Alla faccia del confort!

Se invece, la nostra vittima-carnefice volesse affrontare la situazione, prima che sia tardi, potrebbe iniziare col rispondere con attenzione e sincerità a queste domande:
  • Quale è la caratteristica che penso contraddistingua il mio metodo di lavoro?
  • Quando ho deciso di utilizzare questo metodo? Perché?
  •  Quanto sono soddisfatto dei risultati che porta?
  •  Quali sono le fasi fondamentali in cui si articola?
  •  Le utilizzo sempre tutte?
  •  Quali mi sembrano quelle più funzionali al mio scopo? Perché?
  •  E quali no? Perché?
  • Quando ho modificato l’ultima volta il mio metodo di lavoro? È stato utile?
  • Qual è lo scopo che voglio raggiungere grazie al metodo?

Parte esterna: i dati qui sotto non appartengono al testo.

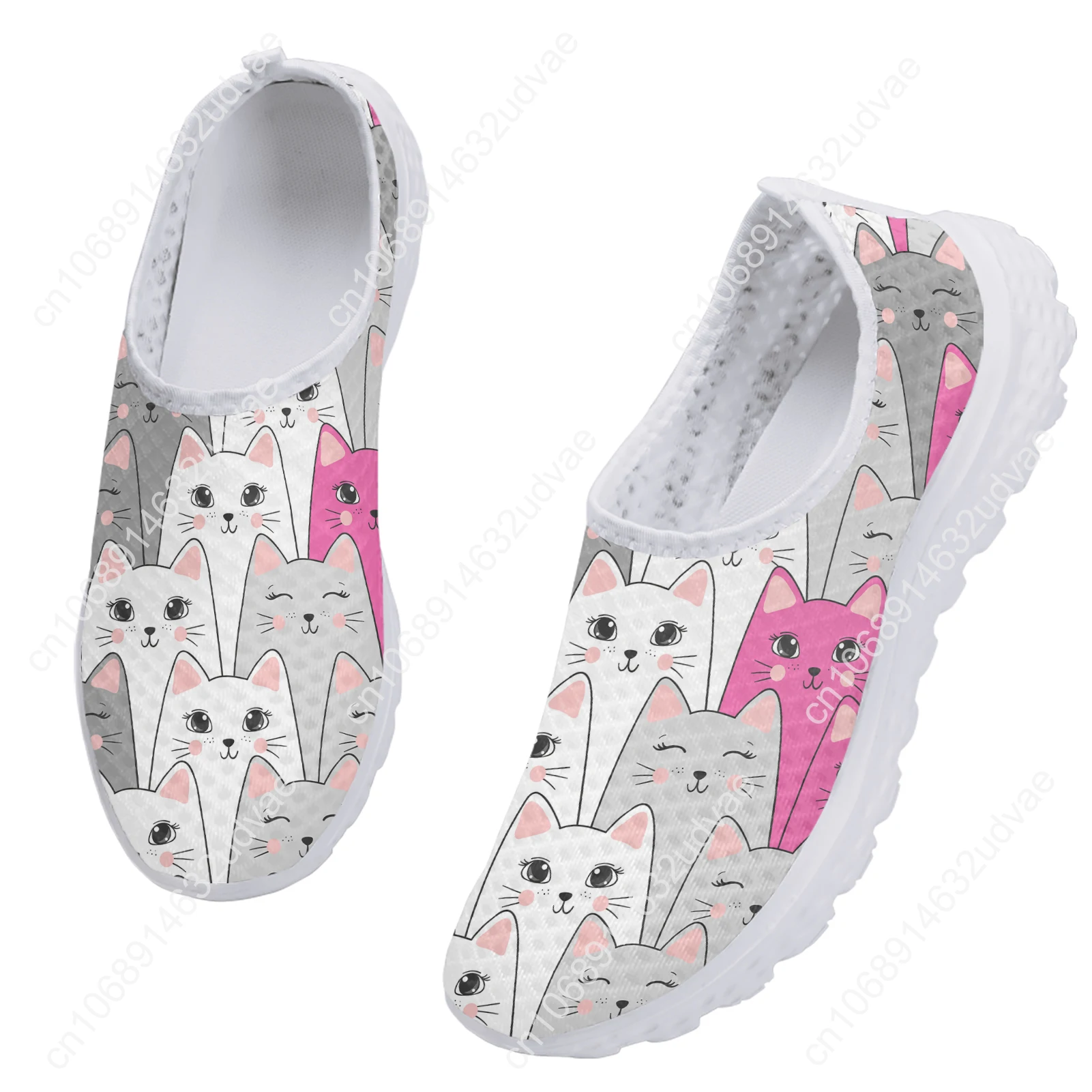Brand Designs Mesh Shoes for Women Seamless kawaii Cartoon Cat 3D Printing Lightweight Sneaker Girl Zapatos De Mujer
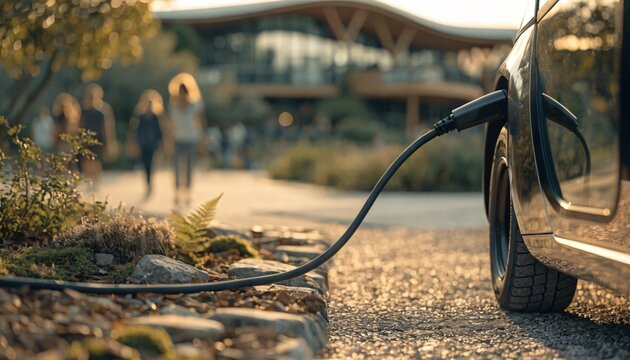 Autonomous electric shuttle bus charging at a station in a sunlit modern residential park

Come hai letto, ho proposto alla vittima-carnefice tre concetti, che ritengo fondamentali:

  1.  La caratteristica peculiare che contraddistingue e caratterizza la persona e si riverbera nel suo lavoro; questo rappresenta un fattore di potenziale differenziazione, molto importante da valorizzare, anche attraverso il metodo
  2. Il metodo stesso, come strumento per raggiungere lo scopo definito, attraverso il miglior utilizzo possibile di tutte le risorse di cui si dispone, sia in termini personali che di squadra.
  3.  Lo scopo; avere un fine importante a cui tendere ritengo sia un elemento che fa la differenza, perché aiuta ad essere più concentrati, determinati, incisivi, coraggiosi.
Voglio concludere invitandoti (ma anche incitandoti) a considerare l’importanza di porti uno scopo, che è lo strumento fondamentale per avere una marcia in più, riuscire ad andare oltre i limiti attuali, imparare cose nuove, lavorare meno e guadagnare di più! Solo attraverso uno scopo si riesce ad avere un filo conduttore che guidi le scelte e le decisioni; immagini quanto questo particolare può fare la differenza, visto che uno dei punti fondamentali di un capo è la credibilità? E, dulcis in fundo, avere uno scopo rende la vita più bella, sana e lunga! Che altro puoi chiedere? Un abbraccio! Ciao!